Deploy faster-whisper on Ubuntu with Docker for offline, private speech-to-text transcription — no cloud API needed.
Grab the automated bash script from GitHub to follow along with the video.
wget https://raw.githubusercontent.com/mhmdali94/Docker/main/ai/whisper/whisper-ubuntu.sh
chmod +x whisper-ubuntu.sh
sudo bash whisper-ubuntu.sh
Use wget to download the automated installer script from the GitHub repository to your Ubuntu server.
wget https://raw.githubusercontent.com/mhmdali94/Docker/main/ai/whisper/whisper-ubuntu.sh
Grant execute permission to the downloaded script so the shell can run it directly.
chmod +x whisper-ubuntu.sh
The script installs Docker if needed, pulls the faster-whisper image, downloads the selected model, and starts the container with an OpenAI-compatible REST API on port 9000.
sudo bash whisper-ubuntu.sh
Send audio files to the transcription endpoint using curl or any HTTP client. The API is fully compatible with the OpenAI speech-to-text API format.
curl http://<your-server-ip>:9000/v1/audio/transcriptions \
-F file=@audio.mp3 \
-F model=Systran/faster-whisper-small \
-F response_format=json
| Port | Purpose |
|---|---|
| 9000 | Whisper REST API / OpenAI-compatible endpoint |
OpenAI Whisper is a general-purpose speech recognition model trained on 680,000 hours of multilingual audio. When self-hosted via a REST API wrapper like Whisper.cpp or faster-whisper, it transcribes audio files and real-time streams in 99+ languages with high accuracy — all privately on your own hardware.
Self-hosting Whisper eliminates per-minute transcription fees from cloud services like AWS Transcribe or Google Speech-to-Text. Audio data stays on your server, making it ideal for sensitive conversations, medical transcription, and meeting recordings that must not be uploaded to third-party services.
The Whisper API server runs on port 9000. Do not expose this port publicly without authentication. Access it from trusted internal networks or through a reverse proxy with authentication. For local use only, bind to 127.0.0.1.
Alternatives include AWS Transcribe (cloud, per-minute billing), Google Speech-to-Text (cloud), Vosk (lightweight open source, lower accuracy), and Deepgram (cloud, high accuracy). Choose self-hosted Whisper for top-tier accuracy with no data leaving your server.
Avoid self-hosted Whisper if you need real-time streaming transcription with very low latency — cloud services are optimized for that use case. Also avoid on CPU-only servers for large audio files; the large model on CPU is too slow for practical use.
PrismaTechWork provides end-to-end infrastructure services — from initial deployment and security hardening to ongoing monitoring, automated backups, and dedicated support. Whether you need a single-server setup or a multi-site network, our team ensures your infrastructure is built right, secured properly, and maintained reliably.
Whisper offers model sizes from tiny (39M parameters, fast but less accurate) to large-v3 (1.5B parameters, most accurate but slow). For most uses the medium model offers the best balance. Use tiny or base for speed-critical applications, and large for high-accuracy requirements with GPU available.
No, but a GPU makes it dramatically faster. On CPU, the large model takes many minutes per audio minute. On an NVIDIA GPU with CUDA, the same transcription completes in roughly real-time or faster. Use faster-whisper with CTranslate2 for best CPU performance.
Whisper supports MP3, MP4, WAV, FLAC, OGG, WEBM, and most common audio and video formats via FFmpeg preprocessing. The API server accepts files via multipart form upload. Very large files should be split into chunks before submission.
Yes. If you do not specify a language, Whisper analyzes the first 30 seconds of audio and automatically detects the spoken language. You can also specify the language explicitly for faster transcription and better accuracy on short clips.
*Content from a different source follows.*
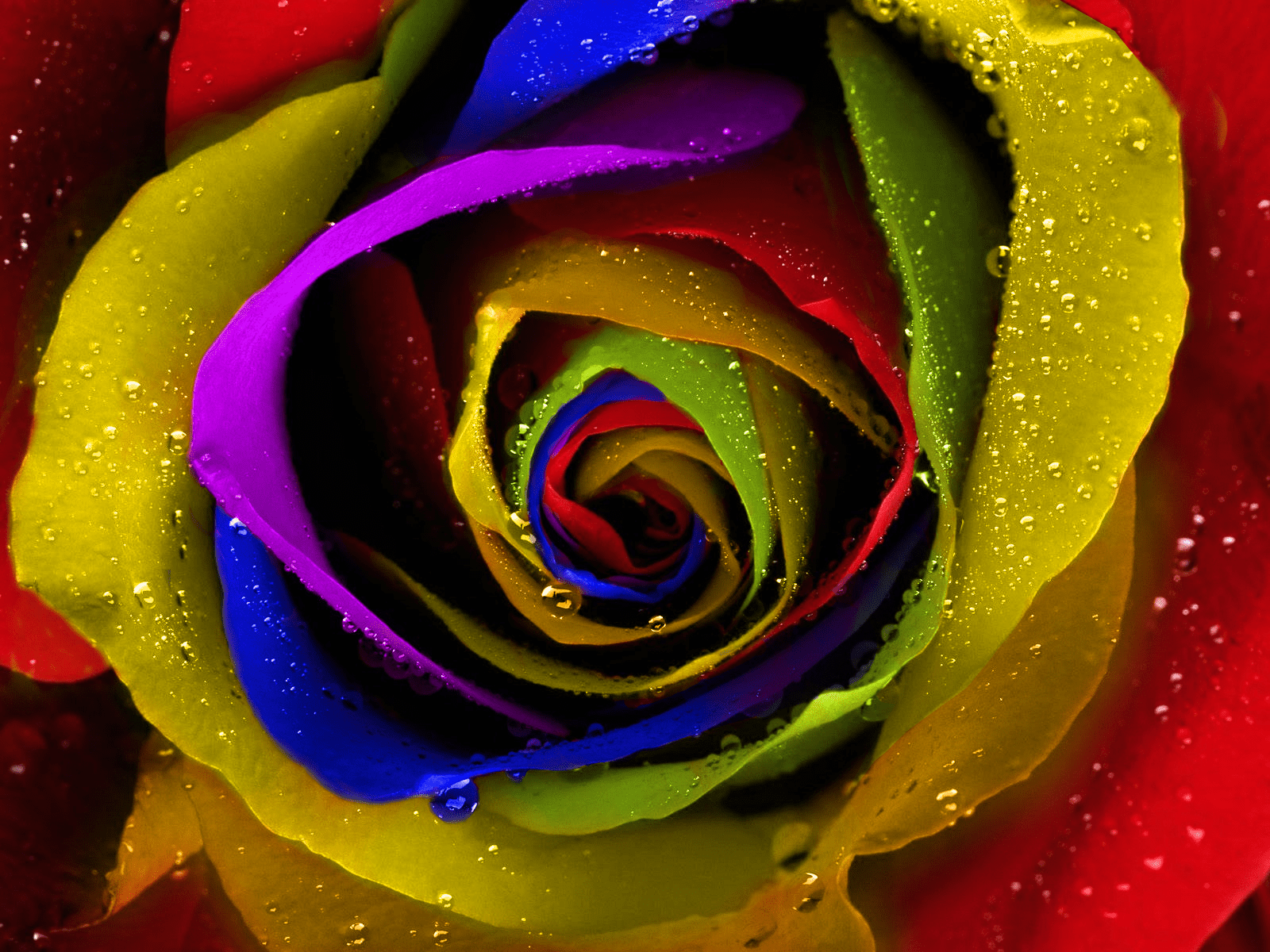 Rainbow Rose Wallpapers Wallpaper Cave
Yes. Whisper generates timestamps at the segment level by default and at the word level when word-level timestamps are enabled. Timestamps are available in the API response in JSON format and can be used to generate SRT or VTT subtitle files.
Yes. Transcribe the audio track of a video using the Whisper API with timestamp output. Convert the JSON response to SRT or VTT format using a script or tool. Upload the subtitle file to PeerTube, Jellyfin, or any video player that supports external subtitles.
Popular Whisper server implementations like faster-whisper-server and whisper.cpp server offer an OpenAI-compatible API endpoint at /v1/audio/transcriptions. This means any tool or library built for the OpenAI Whisper API can switch to your self-hosted instance by changing only the base URL.
Send a multipart POST request to http://YOUR_SERVER:9000/v1/audio/transcriptions with the audio file as the file field and model name as the model field. The response contains the transcribed text in JSON. You can use curl, Python requests, or any HTTP client library.